Já aqui declarei que sou liberal convicto, e por isso mesmo que sou liberal, entendo que todos os cidadãos portuguezes são iguaes perante a lei, e que todo e qualquer cidadão, tendo as habilitações que a lei exige, póde aspirar a todos os cargos da republica (apoiados). Não posso por isso considerar o circulo do Carregal como a arca de alliança, onde ninguem póde tocar. Que importa que eu tivesse a minha eleição certa por um outro circulo, se os meus amigos queriam eleger-me tambem pelo circulo do Carregal?

Honro-me muito com essa eleição, e creio que não commetti crime prestando o meu nome para ella; não offendi alguem, nem desconsiderei o sr. Coelho do Amaral, porque os circulos eleitoraes não são patrimonio de alguem (apoiados).

O sr. Mariano de Carvalho: — Felicito me e felicito a camara por termos o gosto de ver n'esta casa, antes da ordem do dia, o illustre ministro da guerra.

Disse em algumas sessões anteriores que desejava dirigir a s. ex.ª não censuras, mas algumas simples perguntas sobre negocios importantes do seu ministerio, que dizem respeito á defeza do paiz.

Aproveito a occasião rara do illustre ministro estar presente para lhe dirigir essas perguntas, e esperarei a resposta.

Todos sabem que entre muitas cousas que concorreram para as brilhantes victorias dos exercitos prussianos sobre os da França, avultou uma muito principal.
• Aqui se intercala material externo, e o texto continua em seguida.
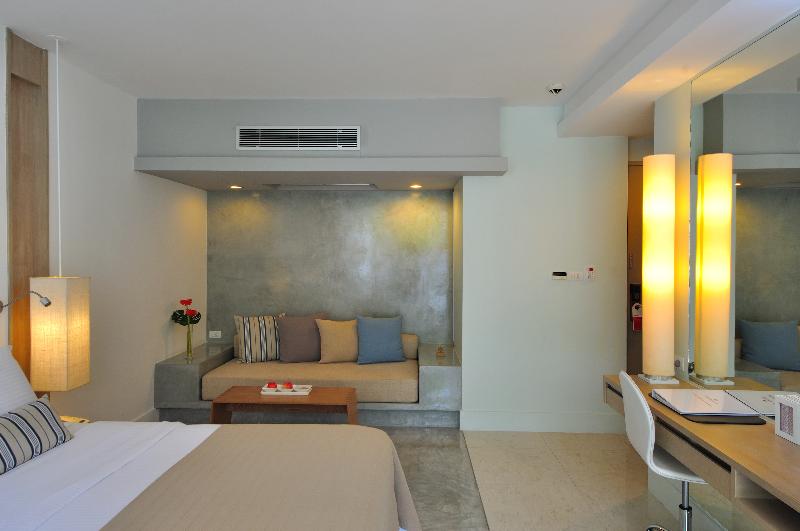 Ramada by Wyndham Phuket Southsea - Oda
Creio que a Prussia triumphou não só pela uniformidade de disciplina do exercito, pela sua melhor artilheria, pela mais completa educação do povo e do soldado prussiano, mas sobretudo pelo methodo que a Prussia tem para a escolha e instrucção dos seus officiaes, e particularmente dos officiaes technicos. Parece me que todas as nações da Europa que têem pretensões a ser potencias militares, ou as que apenas pretendem sustentar a sua dependencia e dignidade, procuram quanto possivel approximar-se do systema prussiano nas cousas militares.

Pela pratica que tenho do ensino publico, no qual exerço um logar modesto, julgo que a instrucção dos officiaes technicos do nosso paiz, tanto do estado maior como da engenheria e artilheria, não corresponde ás necessidades da arte militar tal qual ella é hoje. Sem exigir que o sr. ministro traga desde já uma reforma completa do exercito, que sei estar dormindo ha mezes na commissão externa encarregada d'esse trabalho, desejo que o illustre ministro exponha á camara quaes são as suas idéas a respeito do aperfeiçoamento da instrucção dos officiaes technicos do exercito portuguez.

Tambem ouvi que o illustre ministro trouxe a esta camara algumas propostas para melhorar o nosso armamento. S. ex.ª propoz, alem da compra de machinas para transformação de armas e fabrico de cartuxame, que se comprassem umas seis metralhadoras.

Acho que a metralhadora é uma arma de guerra util; mas não me parece que seja indispensavel a qualquer exercito.

Quando começou a guerra da França contra a Prussia, a França possuia metralhadoras e a Prussia não as tinha, mas com a superioridade da sua artilheria em grande parte inutilisou o effeito das metralhadoras.

Se o nosso exercito já tivesse armamento completo de infanteria, cavallaria e artilheria, achava justificadíssima a compra não só de seis metralhadoras mas de sessenta ou mais. Porém, quando acontece que nos regimentos de cavallaria, quando ha cavallos não ha selins; quando ha selins não ha cavallos; quando ha cavallos e selins não ha homens; quando ha cavallos, selins e homens não ha pistolas; quando o armamento de infanteria é ainda imperfeitíssimo, e o armamento de artilheria está muito longe do seu estado completo, não me parece conveniente que vamos já tratar da compra de metralhadoras (apoiados).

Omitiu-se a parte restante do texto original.